Under our senior credit agreement, the initial and current borrowing base is $60.0 million, based upon our proved reserves. At June 30, 2009, our remaining available borrowing capacity under the senior credit agreement was $19.3 million ($13.8 million at September 28, 2009). Our borrowing base is to be redetermined based upon our June 30, 2009 reserve report. We have submitted our reserve report and other financial information to our lenders for purposes of this redetermination.

At June 30, 2009, we were in compliance with the debt covenants contained in our senior and subordinated credit agreements. However, we may not be in compliance with all of our financial covenants when we complete the twelve-month period ending December 31, 2009 since our covenant calculations will no longer benefit from the gain on the sale of our Pantwist Properties. If a combination of increased production, rising commodity prices, changes in our capital structure and other actions do not occur by December 31, 2009, we anticipate not being in compliance with the covenants. In that event, we will seek covenant relief from our lenders.

We have taken, and are considering taking, actions to ensure the aforementioned covenant compliance and sufficient liquidity to meet our obligations, including funding our current capital expenditure budget of $13.9 million. Actions we have taken during the six-month period ended June 30, 2009 to improve liquidity include: negotiating lower service rates with vendors, making employee workforce reductions and shutting-in uneconomic wells. Additionally, we have derivative contracts in place to protect us from falling crude oil and natural gas commodity prices (through December 2012) and rising interest rates (through January 2012).

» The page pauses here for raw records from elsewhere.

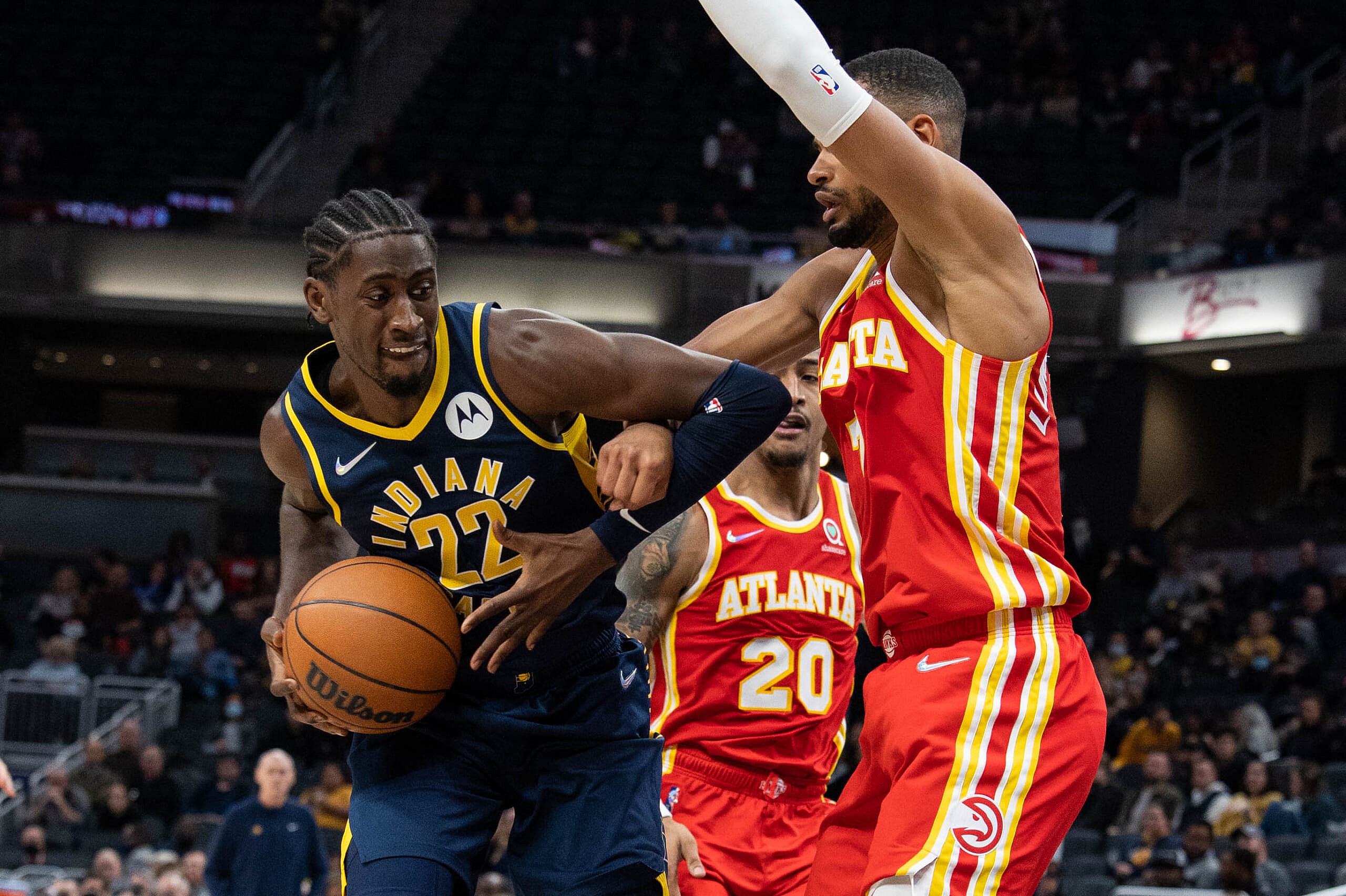 atlanta hawks trade for caris levert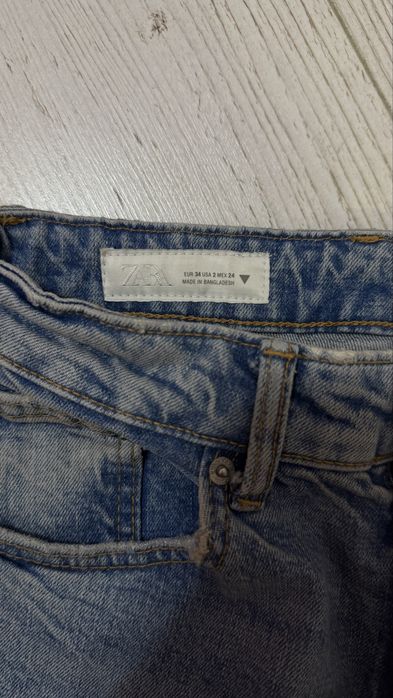 Продам блакитні джинси ZARA
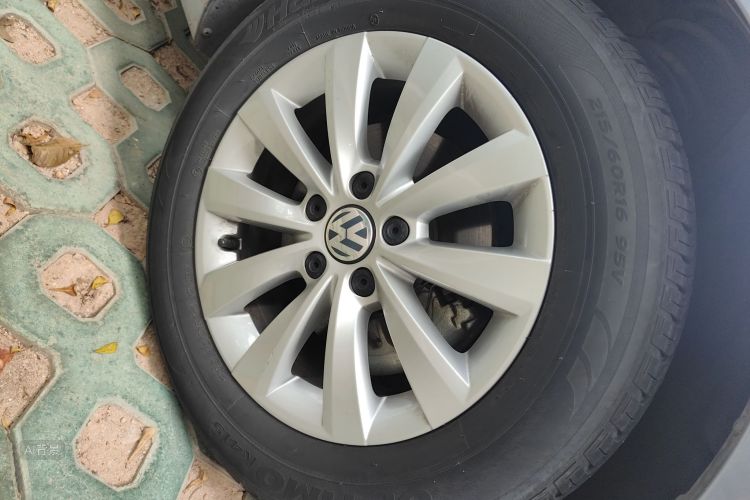 Volkswagen Beetle 2018 immagine di auto #9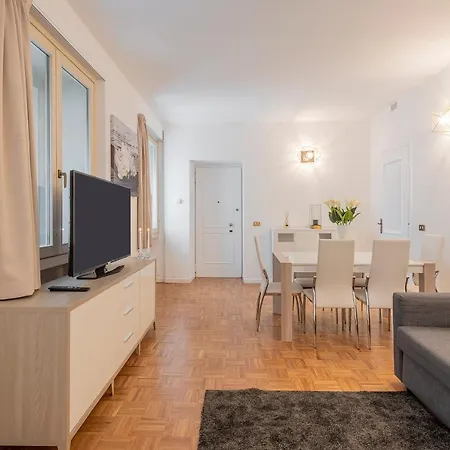 Royal - Centro Lejlighed Milano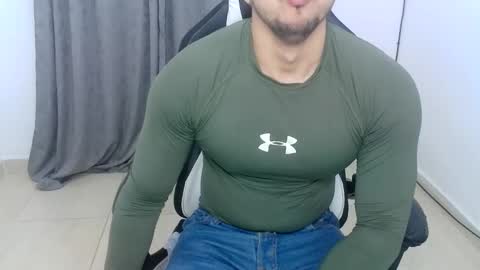 andres180950734 online show from 11/03/25, 10:27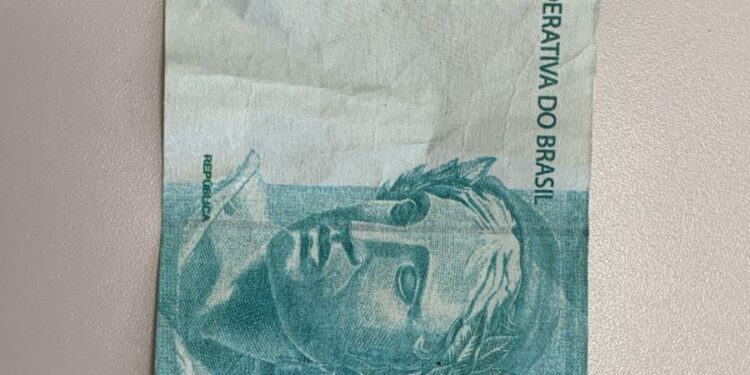 Comerciantes alertam sobre Notas de R$ 100,00 falsas em Nova Roma Do Sul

During each year of our prior five-years in existence, we have successfully accessed the credit and capital markets to fund our operations and capital needs. We believe the combination of (i) cash on hand, (ii) cash flow generated from the expected success of prior capital development projects, (iii) debt available under our credit agreements and (iv) our ability to access the equity markets, provide sufficient means to conduct our operations, meet our contractual obligations and undertake our capital expenditure program for the 2010 fiscal year.

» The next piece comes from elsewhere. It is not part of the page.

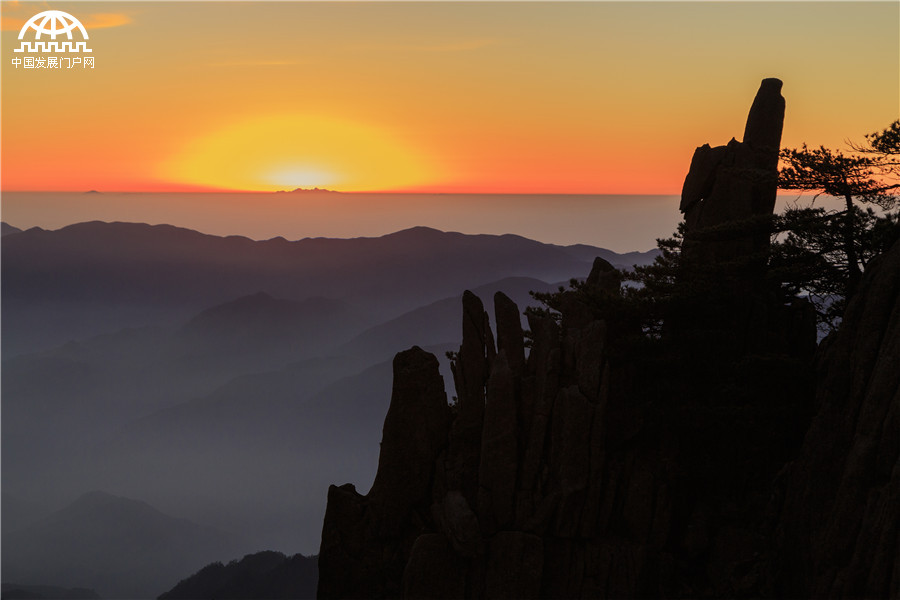 黄山天空之镜美景,放飞心情拥抱大自然黄山风景区
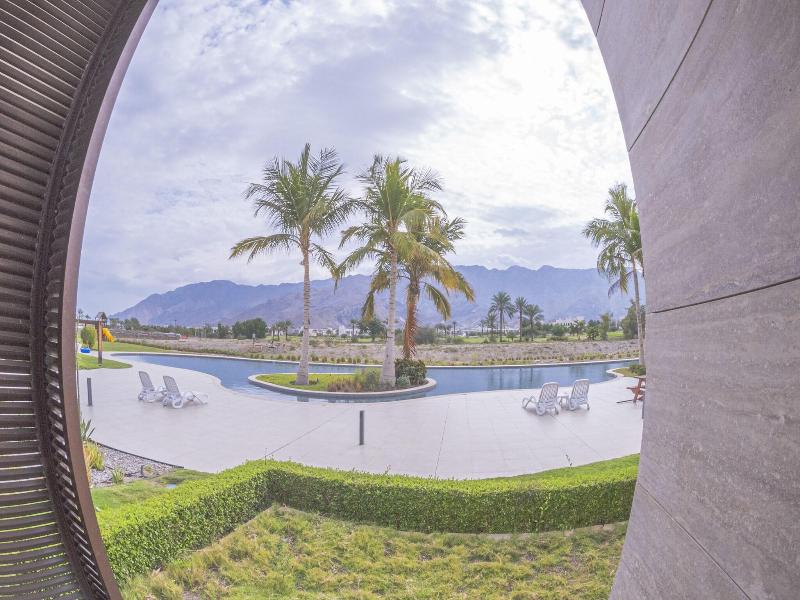 Le Sifah Resort Apartment image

Reserves / Capital Expenditures

Our reserve report, prepared by independent engineers, dated June 30, 2009, estimated total proved reserves of 49.1 MMBOE as compared with last year’s reserves of 53.2 MMBOE. The decrease was primarily a result of the sales of our Corsicana and Pantwist Properties (2.6 MMBOE), the fall in commodity prices from June 30, 2008 to December 31, 2008 that led to our impairing 2.3 MMBOE at our Desdemona Barnett Shale property and other revisions primarily driven by the fall in commodity prices which changed the forecasted economic lives of our assets (1.4 MMBOE). These decreases were offset by positive extensions and discoveries at our Cato field (2.6 MMBOE). Capital expenditures for the year were approximately $52.6 million, including $27.6 million at Cato, $18.7 million at Panhandle, $2.3 million at Nowata and $3.3 million at Desdemona.

Financial Data

Detailed financial data, including the income statement, balance sheet and current hedge positions are included in the following pages.

Operations Update

Total Company Production: Production for the fourth quarter ended June 30, 2009 averaged 1,309 BOEPD, up 4% from the third quarter of the 2009 fiscal year and up 15% from the fourth quarter ended June 30, 2008. Fourth quarter production as compared to third quarter production was positively impacted by increases at the Cato waterflood of 6% to average 333 net BOEPD. Production at the Panhandle field was up 4% to average 625 net BOEPD. For the 2009 fiscal year, production increased 11%, from 1,123 BOEPD to 1,252 BOEPD. Year-on-year production was primarily driven by increases at our Cato Field, where production was up 123%.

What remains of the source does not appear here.